= John Sheehan (journalist) =

Irish journalist, writer and barrister

John Sheehan (1812–1882) was an Irish journalist, writer and barrister.

==Early life==
Sheehan was the son of an hotel-keeper at Celbridge, County Kildare, where he was born. He was sent to the Jesuit college at Clongoweswood, where Francis Sylvester Mahony was his tutor for a time. About 1829 he entered Trinity College Dublin, but did not graduate.

==The Comet Club==
In 1830 Sheehan joined the Comet Club of young Irishmen, with Samuel Lover, Joseph Stirling Coyne, Robert Knox who became editor of The Morning Post, and Maurice O'Connell. The club issued pamphlets attacking the tithe system; the first, The Parson's Horn Book, which appeared in two parts with etchings by Lover, was popular. The club then issued The Comet, a satirical weekly paper opposing the Church of Ireland, with the first number appearing on 1 May 1831. Sheehan was appointed sub-editor. In a few weeks it had reached a circulation of several thousand copies, and until its closure at the end of 1833 was influential.

The government in the autumn of 1833 ordered the arrest of Thomas Browne, the editor The Comet, and Sheehan, for libel. They were defended by Daniel O'Connell and Robert Holmes, but were each sentenced to 12 months in prison and fined. The fine was then remitted, and the term of imprisonment was only partly served.

==Journalist in London==
Sheehan, on his release, studied for the Irish Bar, to which he was called in 1835. He shortly afterwards came to London. In 1836–7 he was in Paris and Madrid as representative of The Constitutional newspaper.

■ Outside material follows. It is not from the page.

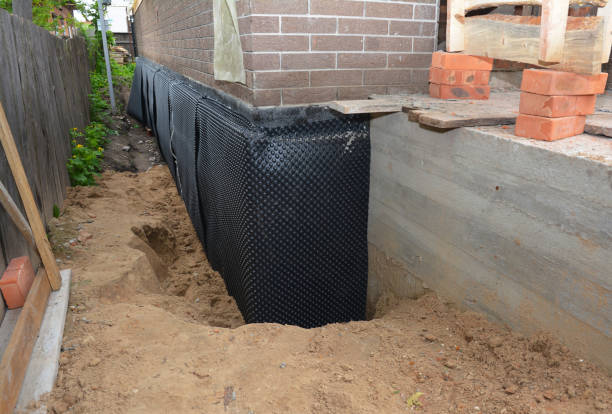 Happy homeowners after waterproofing job in Mooresburg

In 1839 Sheehan matriculated at Trinity College, Cambridge, though he took no degree. He was admitted to the Inner Temple in 1841, and was called to the bar in 1846. After a short career as a barrister he concentrated again on journalism. He was parliamentary reporter of the Morning Herald, contributing also poems and sketches to Bentley's Miscellany and other magazines.

In 1852 Sheehan was proprietor and editor of The Independent of London and Cambridge. Subsequently, in Temple Bar and elsewhere he often wrote under the signatures of "The Irish Whiskey-Drinker" and "The Knight of Innishowen".

==Later life==
Shortly after 1868 Sheehan married the widow of Colonel Shubrick, or Shrubrick, a wealthy Anglo-Indian officer, and spent some years in travelling on the continent. He eventually retired to the London Charterhouse, where he died on 29 May 1882.

==Works==
Sheehan's major literary work was included in John Doran's edition of the Bentley Ballads (1858), and in his own edition of the same work (1869).

==In literature==
William Makepeace Thackeray knew Sheehan well, and he is believed to be the original of Captain Shandon in Pendennis. Two other Irish friends, William John O'Connell and Andrew Archdeckne, suggested Costigan and Foker respectively.